- [Exercise details]
All that is wanted is the exact lines from the first line of the data below through the line with "Solid Zip Fanny Pack, Rose red", both ends included, with pictures omitted.

- [Supplied records]
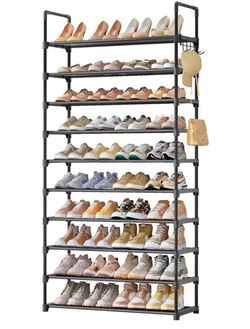 10 Tier Shoe Rack, Tall Shoe Organizer, 32.2" Wide, Black Large-Capacity Shoe Storage with Hooks, Shoe Shelf for Closet, Entryway, Bedroom,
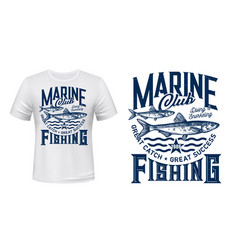 T-shirt Print With Anchovy Fish Mascot Label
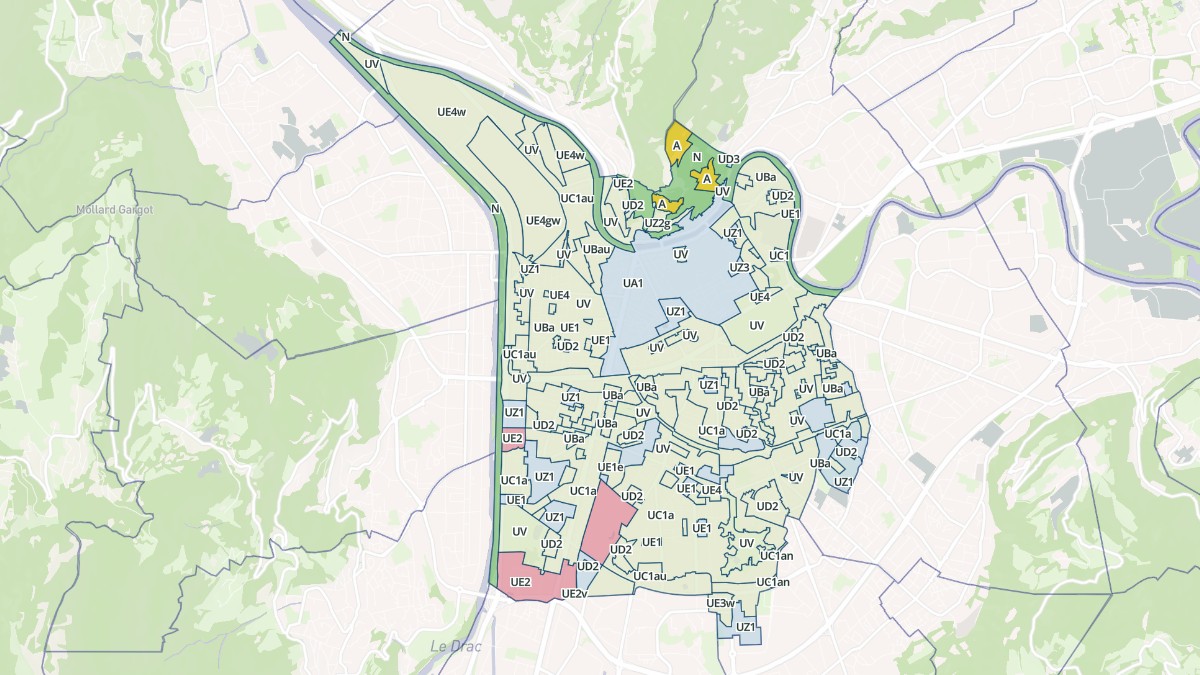 Aperçu cartographique de Grenoble, centré sur la commune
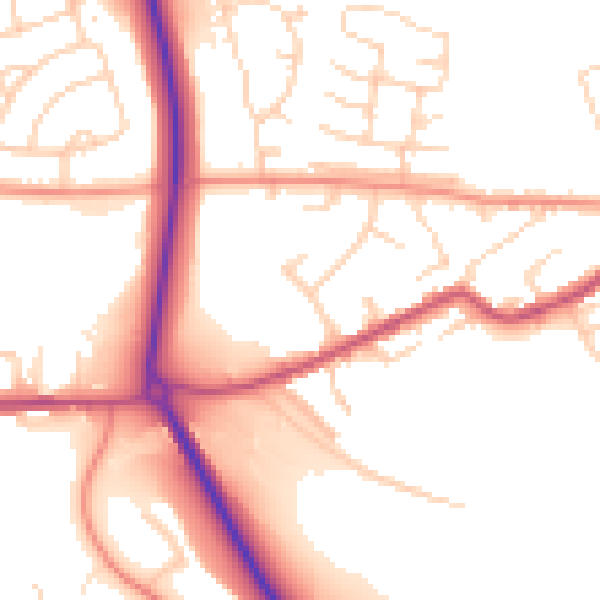 Daytime road noise heatmap for S13 7EF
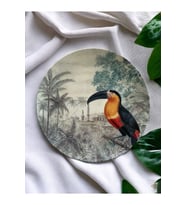 Tropikal Safari Kuş Deseni Duvar Tabağı Dekoratif Duvar Süsü No:220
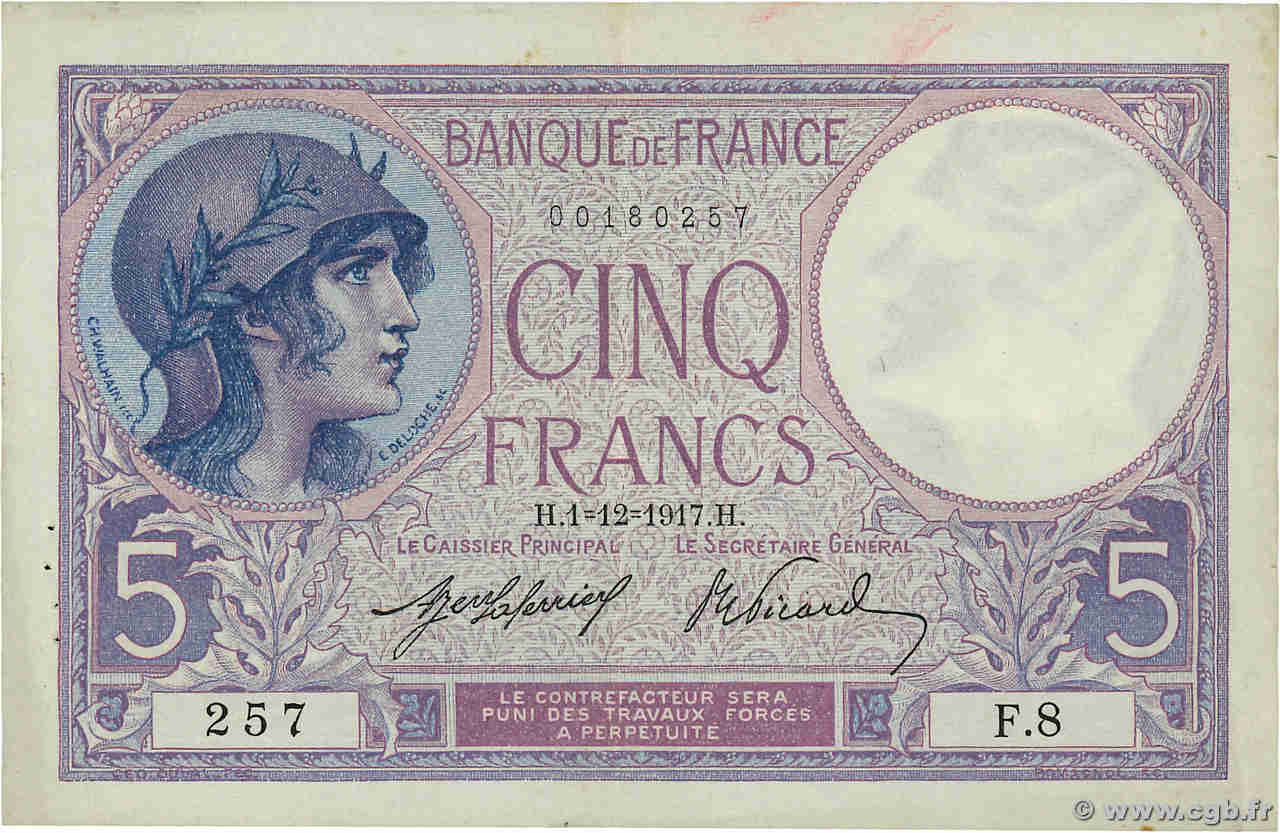 5 Francs FEMME CASQUÉE FRANCE  1917 F.03.01 TTB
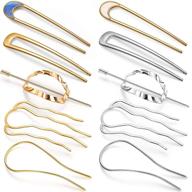 💇 10-piece metal u-shape oval hairpins: hair bun updo sticks in gold & silver - women's hair styling tool & accessories logo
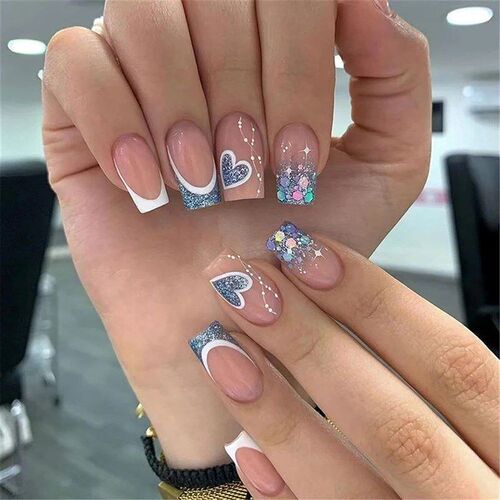 24PCS Press On Nails Short Pink Square Fingertip French Trim
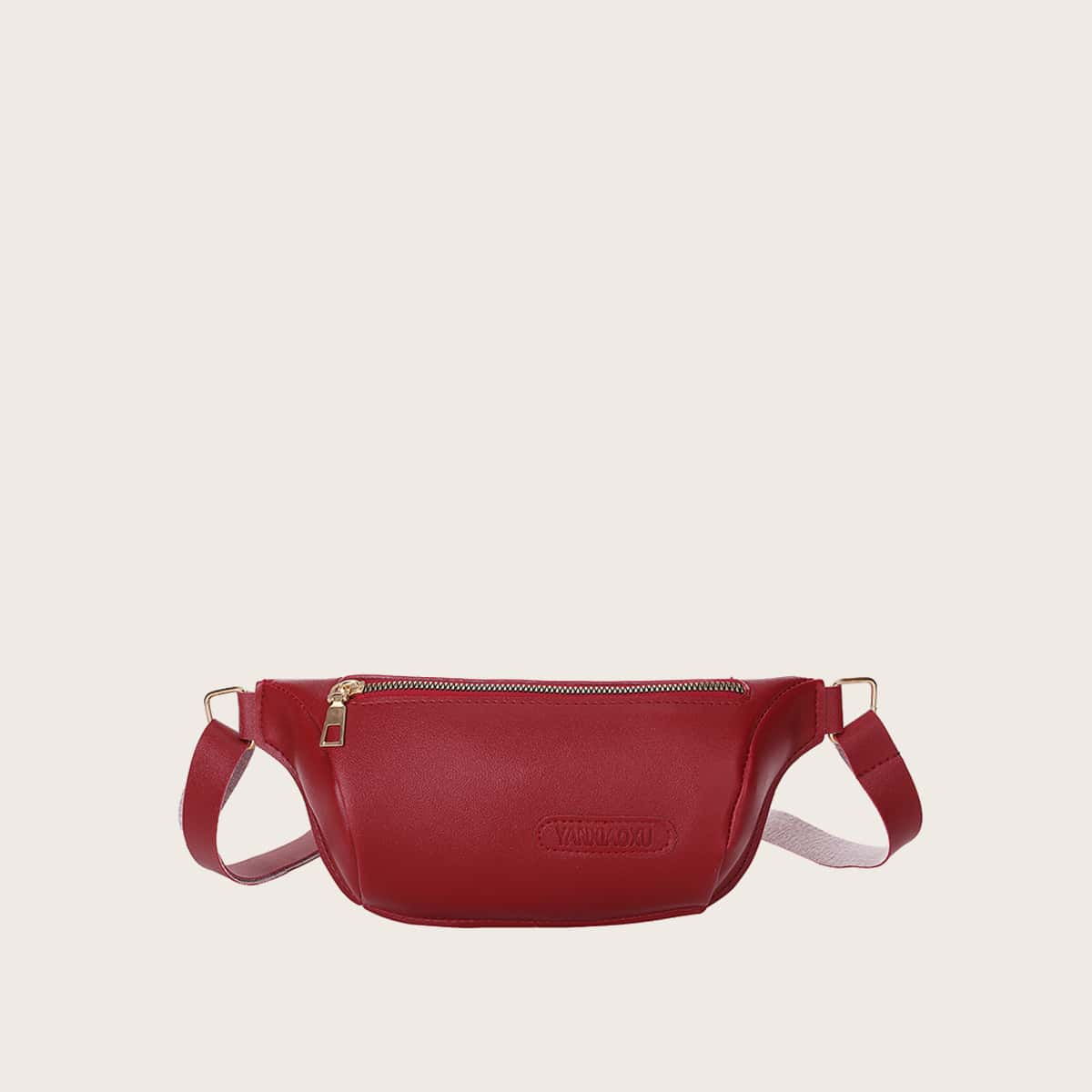 

Solid Zip Fanny Pack, Rose red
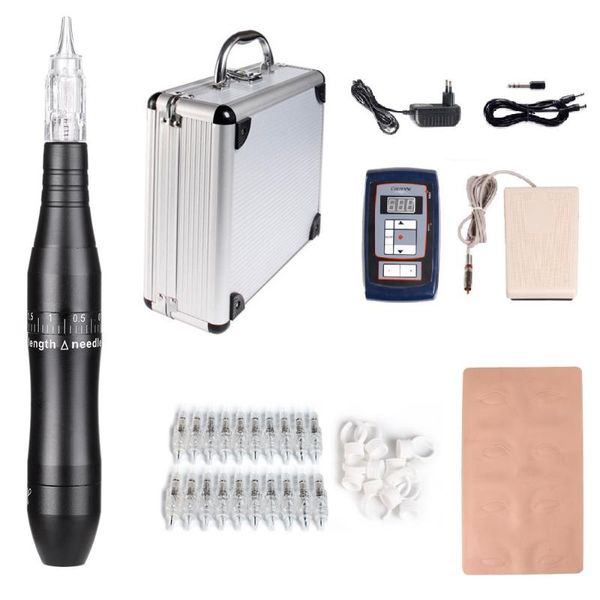 

tattoo guns kits hybrid pen rotary machine permanent makeup kit with power supply 20 needle cartridges ek201a (black)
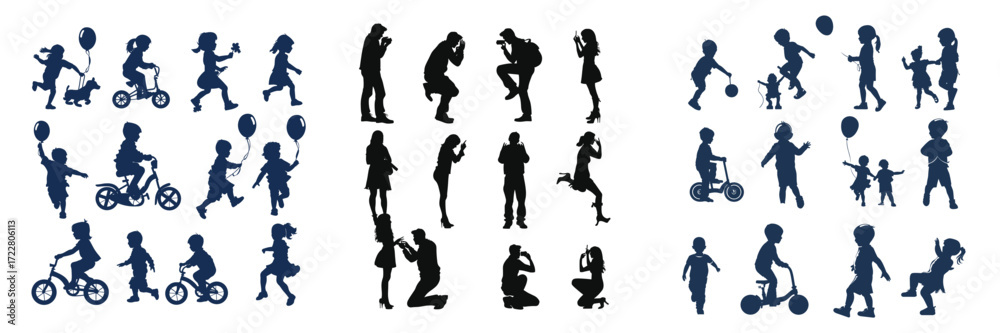 Fototapeta premium set of 30 children silhouette icons isolated on white background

- [Written response]
 10 Tier Shoe Rack, Tall Shoe Organizer, 32.2" Wide, Black Large-Capacity Shoe Storage with Hooks, Shoe Shelf for Closet, Entryway, Bedroom,
 T-shirt Print With Anchovy Fish Mascot Label
 Aperçu cartographique de Grenoble, centré sur la commune
 Daytime road noise heatmap for S13 7EF
 Tropikal Safari Kuş Deseni Duvar Tabağı Dekoratif Duvar Süsü No:220
 5 Francs FEMME CASQUÉE FRANCE  1917 F.03.01 TTB
 💇 10-piece metal u-shape oval hairpins: hair bun updo sticks in gold & silver - women's hair styling tool & accessories logo
 24PCS Press On Nails Short Pink Square Fingertip French Trim

Solid Zip Fanny Pack, Rose red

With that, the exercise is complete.